Она закурила, а я чуть не поперхнулась. Никогда не видела ее с сигаретой. Неужели так подействовал разрыв с Кешей?!
— А все же успех дорог в молодости. Чтоб всюду ездить, видеть интересных людей, ходить по пропускам на всякие премьеры…
— У тебя, оказывается, мелкое честолюбие, обывательское… — сказала Мар-Влада, а я ее внимательно рассматривала. Лицо стало суше, появились морщины у рта, она теперь реже улыбалась, как девчонка, она даже начала язвить, как мама…
— Если бы ты сказала: пусть мои книги вызывают у людей смех и слезы, заставляют их думать, направляют их жизнь, чтоб было такое же влияние, как у Писарева…
— А мама считает Писарева наивным сегодня… — ляпнула я, и Мар-Влада поднялась, достала его однотомник и предложила прийти только после чтения.
Мне стало обидно: я уже мысленно сочинила, как мой рассказ о Жуле напечатали в журнале, как в школе все бегают на меня смотреть, как даже учителя перестали меня попрекать плохим характером…
Ведь мне не слава нужна, просто знаменитым людям многое прощается…
Вера все время трещит про своего Павла, строит планы на будущее, а мне не о ком рассказывать. И я придумала себе друга. На каждой перемене я Вере рассказываю одну историю, с продолжением, как детектив.
Рассказываю о том, что не сбылось, хотя и мечталось. В герои я избрала некоего Виктора, аспиранта-геолога. Он у меня лохматый, большеносый, большеротый, угловатый и резкий, а глаза как у Сороки. Он существует на деле, но на меня даже не посмотрел. Это сын папиного фронтового друга; он один раз заходил к нам, когда я была в шестом классе.
Ну, а я сочинила, что он зашел недавно по делу, а потом стал звонить с пустяками. Но я держусь холодно, потому что не люблю легкомысленных ребят. А он очень увлекается женщинами, его отец жаловался моему.
Вера вздохнула и сказала, что такие парни — самые интересные и что я — теленок.
В следующий раз я сказала, что он звал меня в театр, но я отказалась, так как знаю от отца, что у него появилась постоянная девица. А я не желаю быть «калифом на час» и кою-то отбивать.
Верка назвала меня дурындой. Она не признает в любви «прав собственности». Она считает, что каждый за свое счастье сам должен держаться зубами и ногтями. И я продолжала фантазировать: он, мол, признался, что со мной забавно, и предложил дружбу, как с сестренкой…
В общем, целую неделю я занималась устным народным творчеством, потом надоело. Сказала, что он заболел, а дома нет телефона. Верка назвала меня бесчувственной, требовала, чтоб я помчалась его навещать. Тогда я ляпнула, что его кладут в больницу. Мне даже захотелось заодно его похоронить, но я не сумела бы изобразить безутешное горе всерьез.
Пришлось объяснять, что родители так возмущаются вереницей девчонок у Виктора, что мне нельзя появляться, они будут его попрекать мною.

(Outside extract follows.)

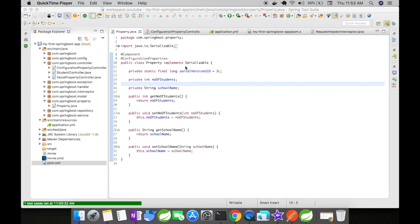And @ConfigurationProperties is used to indicate to Spring that this particular file is going to serve as a Java object for a property file.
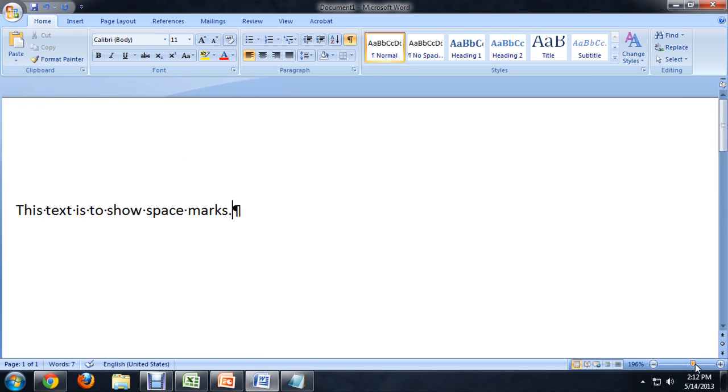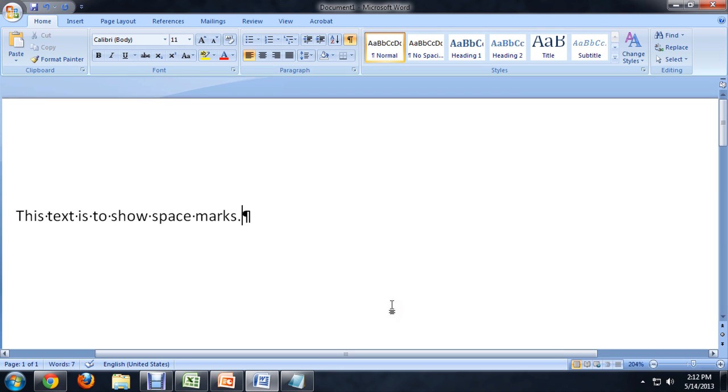And if I zoom in, you can see it's got this little dot in between each word, and a weird looking P on the end. And this is to highlight whatever formatting that you're using, as far as the text is concerned, before you put it into a website or an email.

Уже три дня, как я прекратила выдумки; правда, Верке я так и не созналась в них. И самое смешное, что мне грустно. Я думаю об этом «Викторе», переживаю. И все время бегаю к телефону, точно и правда кто-то может мне позвонить, кто-то обо мне думает…
Вера сегодня сказала, со слов своей многоопытной мамы, что мне надо изменить манеру поведения: я замораживаю мальчиков «тургеневским» видом. А когда со мной говорят, отвечаю без шарма (значит — обаяния), односложно, сквозь зубы, с таким видом, точно хочу укусить. И любой представитель мужского пола не рад, если подойдет.
После этого пришлось продолжить россказни, чтоб она не воображала своим «шармом».
Итак, Виктор в больнице. Описывать буду ту больницу, где в прошлом году лежал отец: нужна достоверность деталей. У моего героя мокрый плеврит, опять-таки как у папы. Его девица к нему не ездит, потому что не любит больных. А я стала там своим человеком, встретив доктора из анатомички. И навещаю Виктора ежедневно. Наконец его отец сказал моему, что сын меня полюбил, но они боятся, чтобы он не испортил мне жизнь. А в минуту высокой температуры он исповедался сам передо мной, сообщил о любви и просил взаимности. А я сказала «нет», поскольку между нами стояло его нечистоплотное прошлое. И он поцеловал мне руку, как летом Сорока.
Конечно, Верка будет возмущаться моим жестокосердием, и я хоть капельку восторжествую. А потом я уговорю Виктора уехать в санаторий. И даже поеду на вокзал. А на вокзале поцелую на прощание, обещав ждать, если я ему всерьез нужна. И после этого затоскую и даже потеряю аппетит.